▶ _TASK INPUTS_

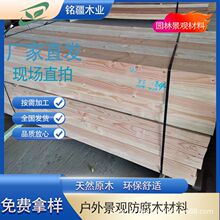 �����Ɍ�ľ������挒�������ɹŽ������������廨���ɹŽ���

==

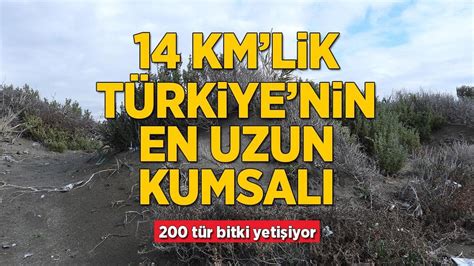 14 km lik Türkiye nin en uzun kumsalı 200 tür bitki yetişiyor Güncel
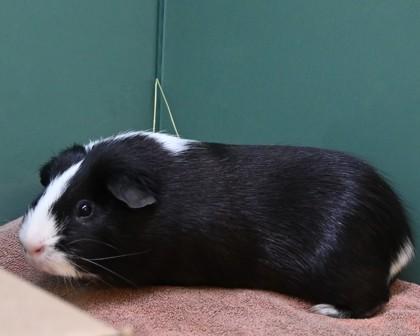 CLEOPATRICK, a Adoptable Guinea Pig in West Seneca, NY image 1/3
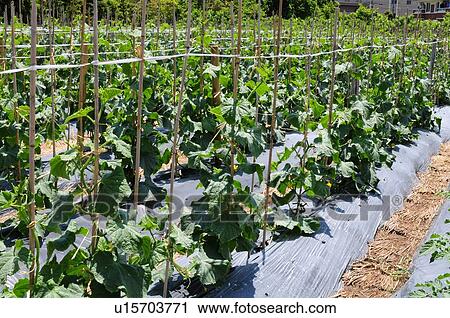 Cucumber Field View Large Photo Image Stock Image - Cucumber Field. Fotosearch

---

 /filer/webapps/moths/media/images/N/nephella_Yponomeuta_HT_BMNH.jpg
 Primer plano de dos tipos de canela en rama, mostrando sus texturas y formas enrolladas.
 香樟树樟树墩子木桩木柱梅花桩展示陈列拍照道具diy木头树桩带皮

▶ _WORK TASK_
Please copy out from the data above, without any picture, exactly the lines running from the one that holds "CLEOPATRICK, a Adoptable" through the one that holds "Cucumber Field View", and nothing beyond them.

▶ _SOLUTION FOR THIS EXERCISE_
 CLEOPATRICK, a Adoptable Guinea Pig in West Seneca, NY image 1/3
 Cucumber Field View Large Photo Image Stock Image - Cucumber Field. Fotosearch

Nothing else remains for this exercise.